__Records to process__:
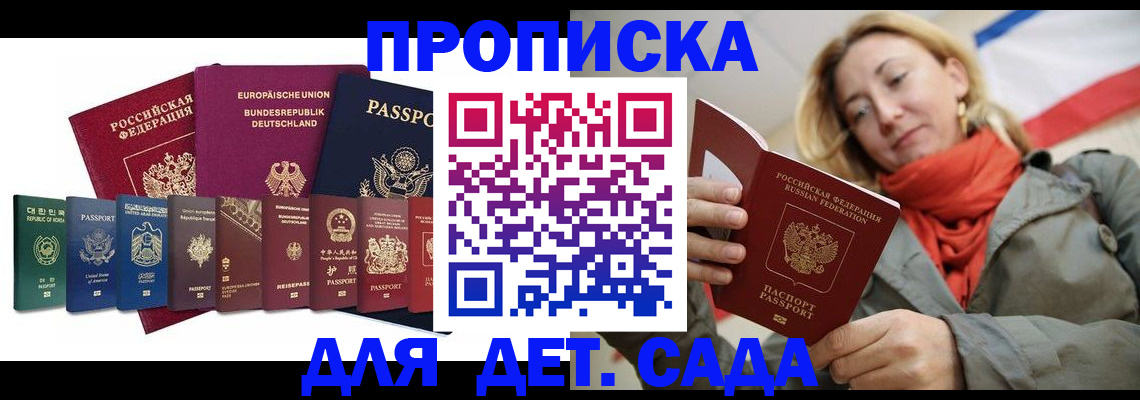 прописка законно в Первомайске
---
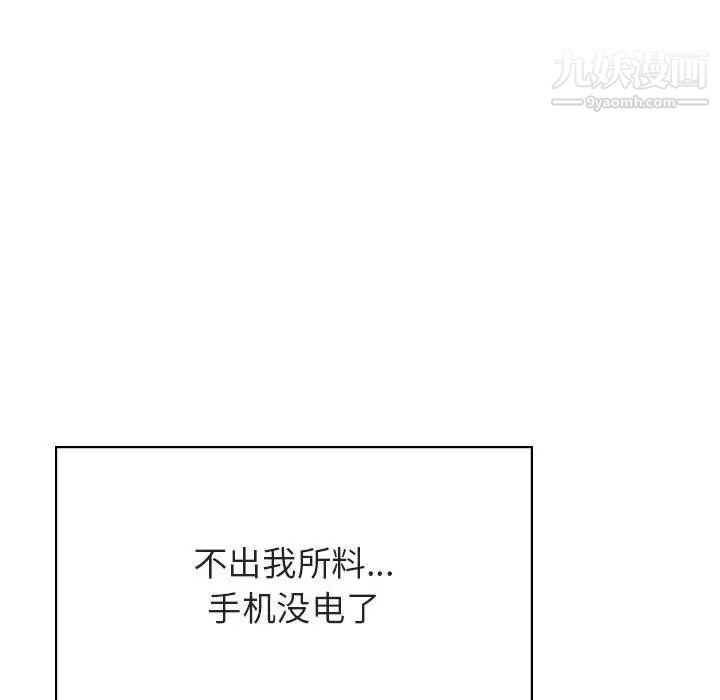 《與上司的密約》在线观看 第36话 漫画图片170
--
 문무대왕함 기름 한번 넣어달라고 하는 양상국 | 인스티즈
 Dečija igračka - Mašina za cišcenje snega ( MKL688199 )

__Work instructions__: Copy out only the lines above from the one with "문무대왕함 기름 한번 넣어달라고 하는 양상국 | 인스티즈" to the one with "Dečija igračka - Mašina", inclusive, exactly as they stand.

__Answer space__:
 문무대왕함 기름 한번 넣어달라고 하는 양상국 | 인스티즈
 Dečija igračka - Mašina za cišcenje snega ( MKL688199 )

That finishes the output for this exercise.